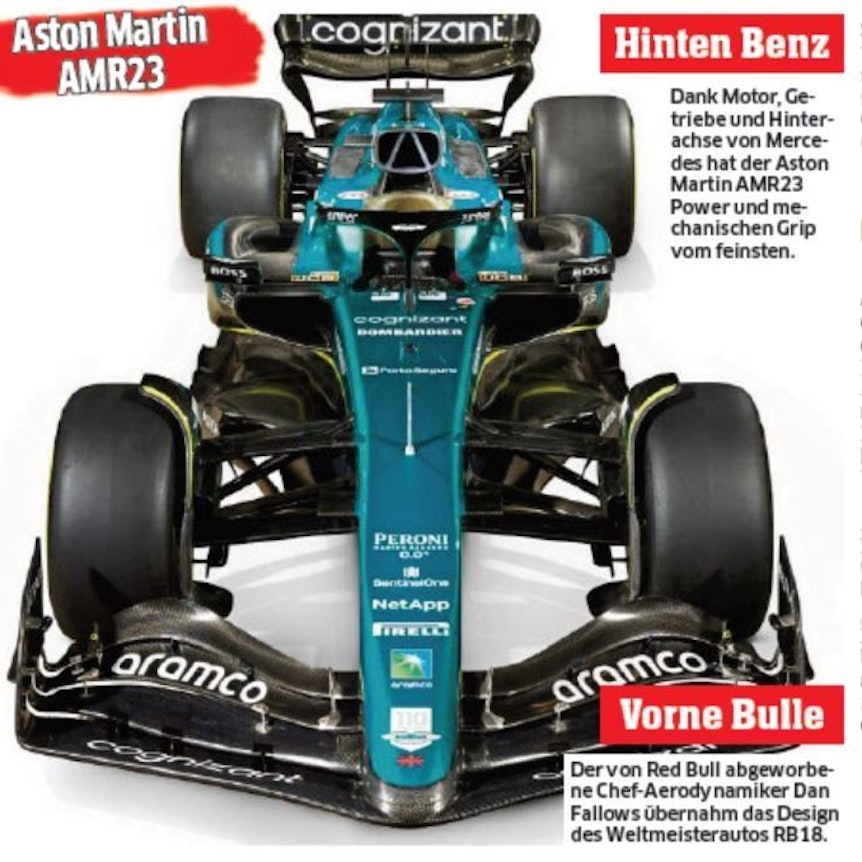 Ein Blick auf den neuen Boliden von Aston Martin in der Formel 1.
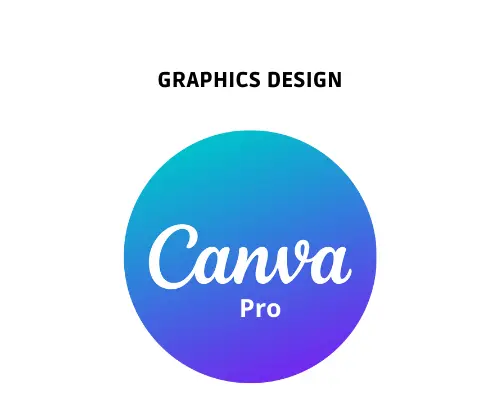 Canva pro with Brand kit 1 Year  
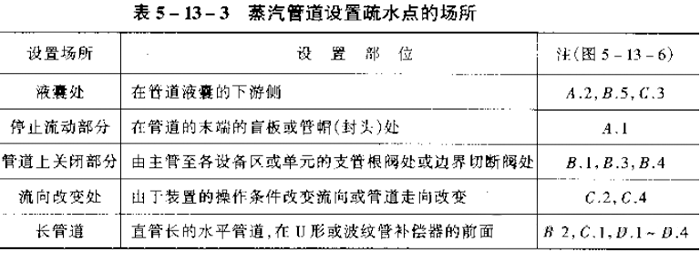蒸汽管道的疏水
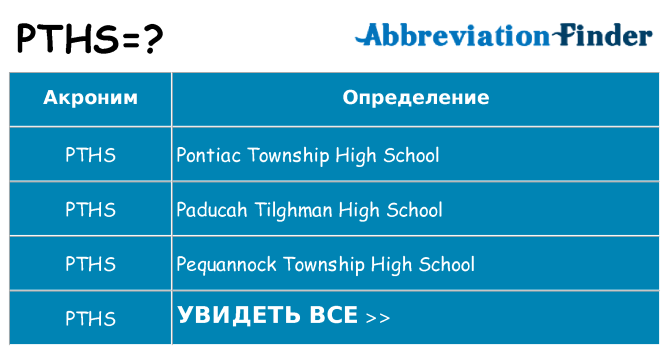 Что означает аббревиатура pths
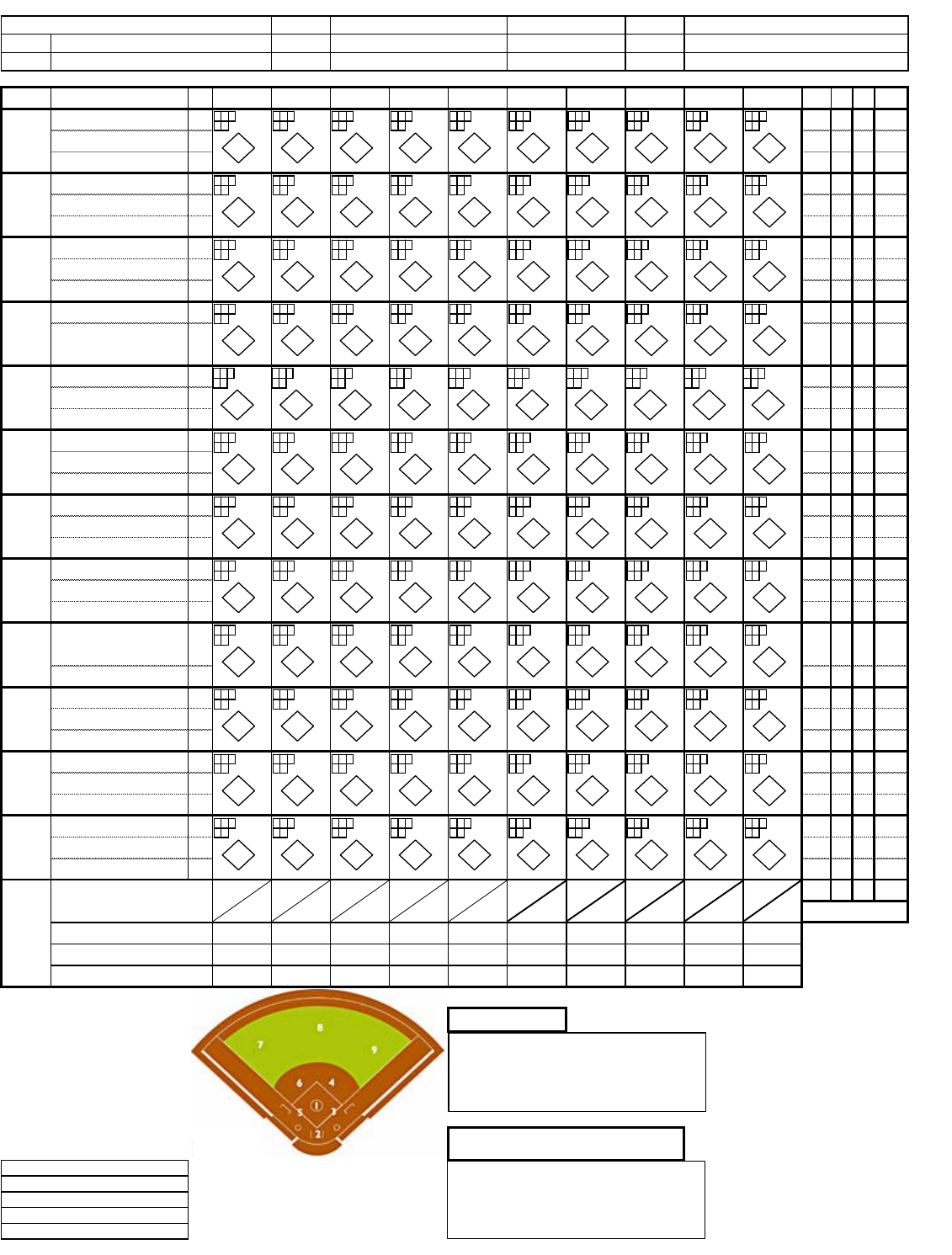 Free Generic Softball Scorecard PDF 41KB 1 Page s 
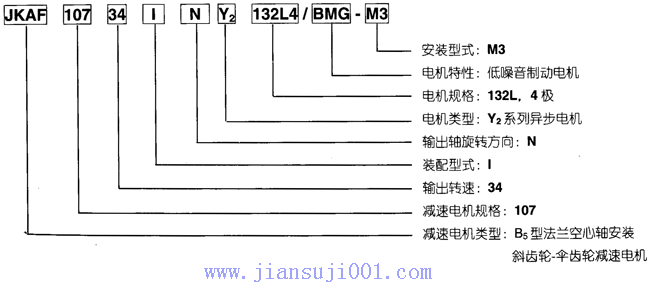 JKϵМp늙C(bio)ӛʾ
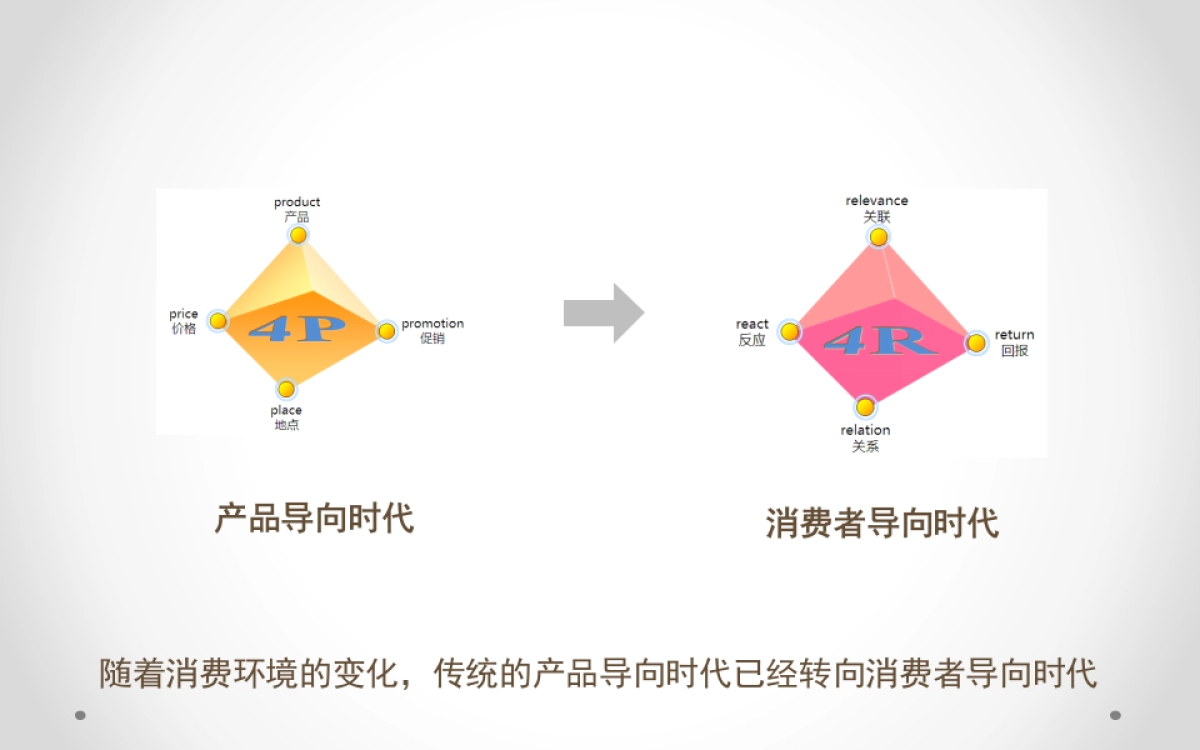 香圣淳一护肤品全渠道营销方案_第2页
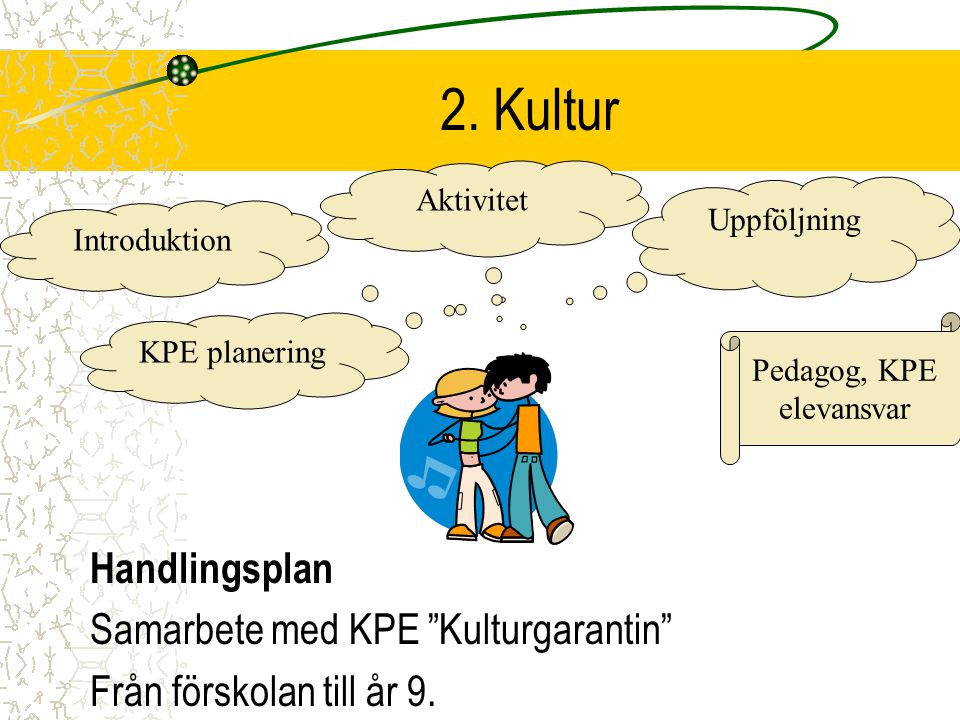 2. Kultur Handlingsplan Samarbete med KPE Kulturgarantin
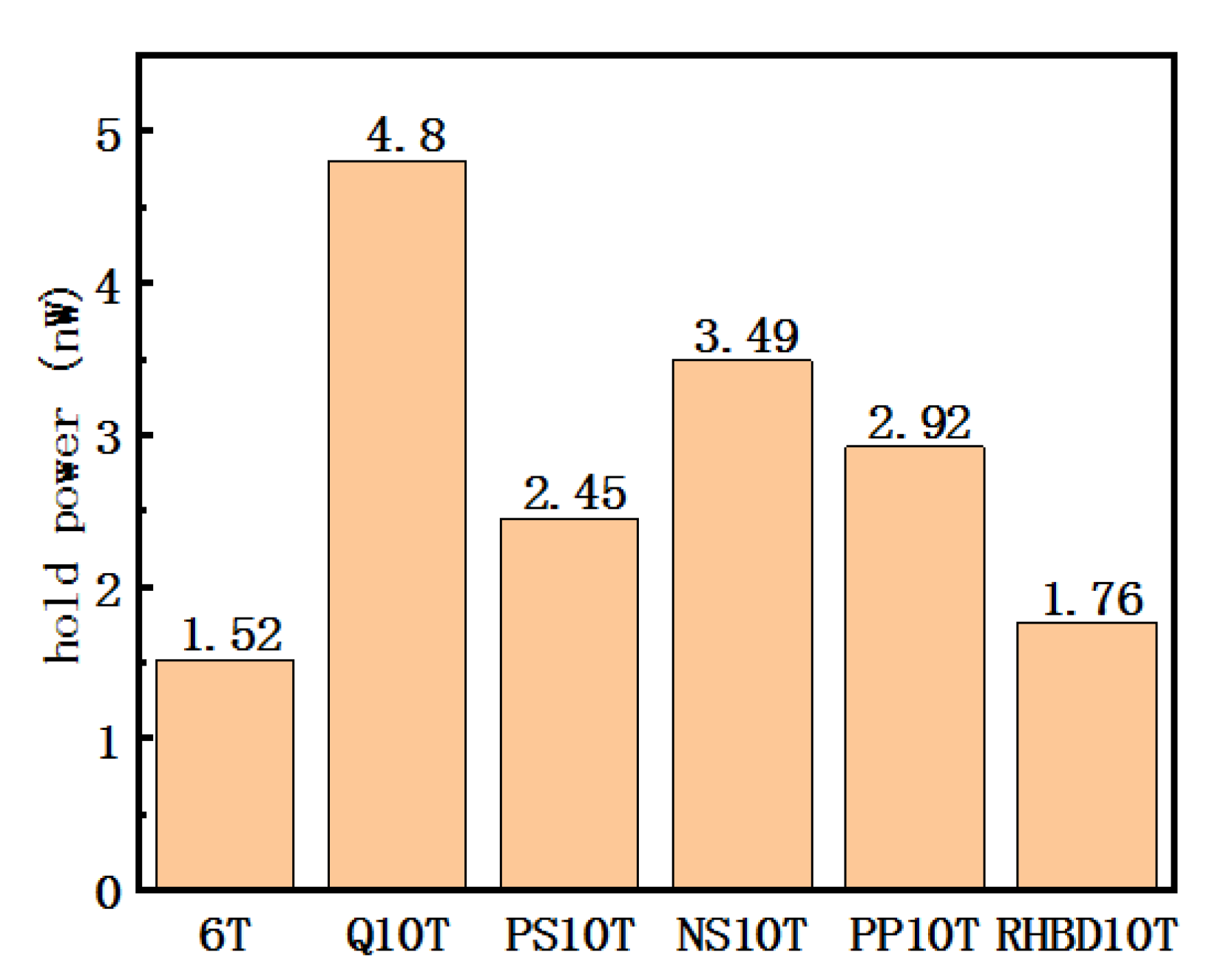 Micromachines 14 00845 g007 Micromachines 14 00845 g007
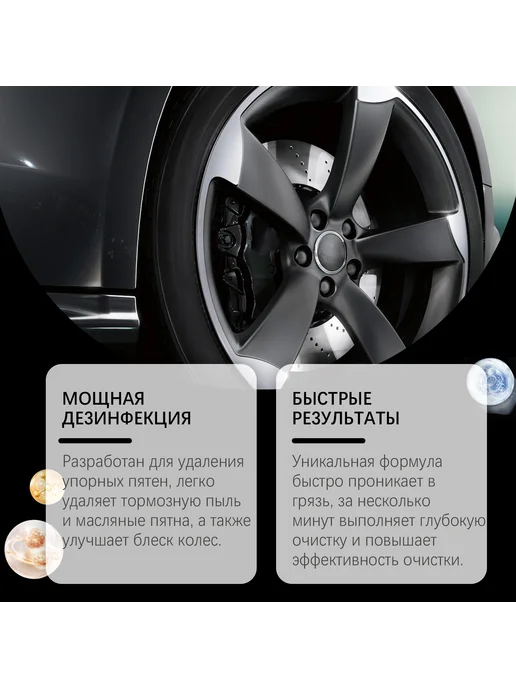 Homonth Очиститель колес автомобиля 2 штуки, 200 мл, фото 2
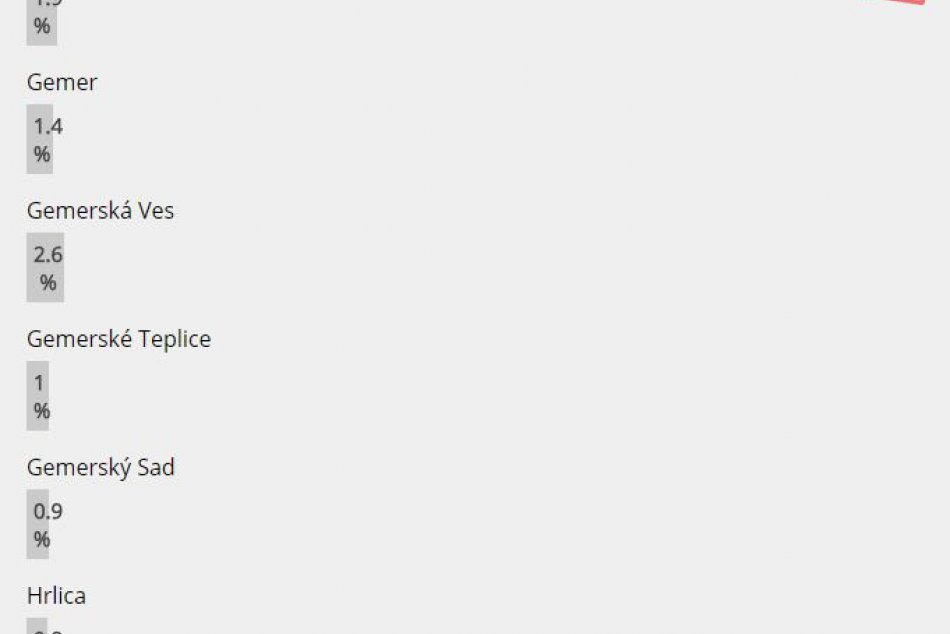 Výsledky súťaže: Koľko percent hlasov získala ktorá obec z Revúckeho okresu?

----------------

Nothing but the lines from the start of the records through the line holding "2. Kultur Handlingsplan" should be printed, exactly as written and with the pictures left out.

Completed task:
 Ein Blick auf den neuen Boliden von Aston Martin in der Formel 1.
 Canva pro with Brand kit 1 Year  
蒸汽管道的疏水
 Что означает аббревиатура pths
 Free Generic Softball Scorecard PDF 41KB 1 Page s 
 JKϵМp늙C(bio)ӛʾ
 香圣淳一护肤品全渠道营销方案_第2页
 2. Kultur Handlingsplan Samarbete med KPE Kulturgarantin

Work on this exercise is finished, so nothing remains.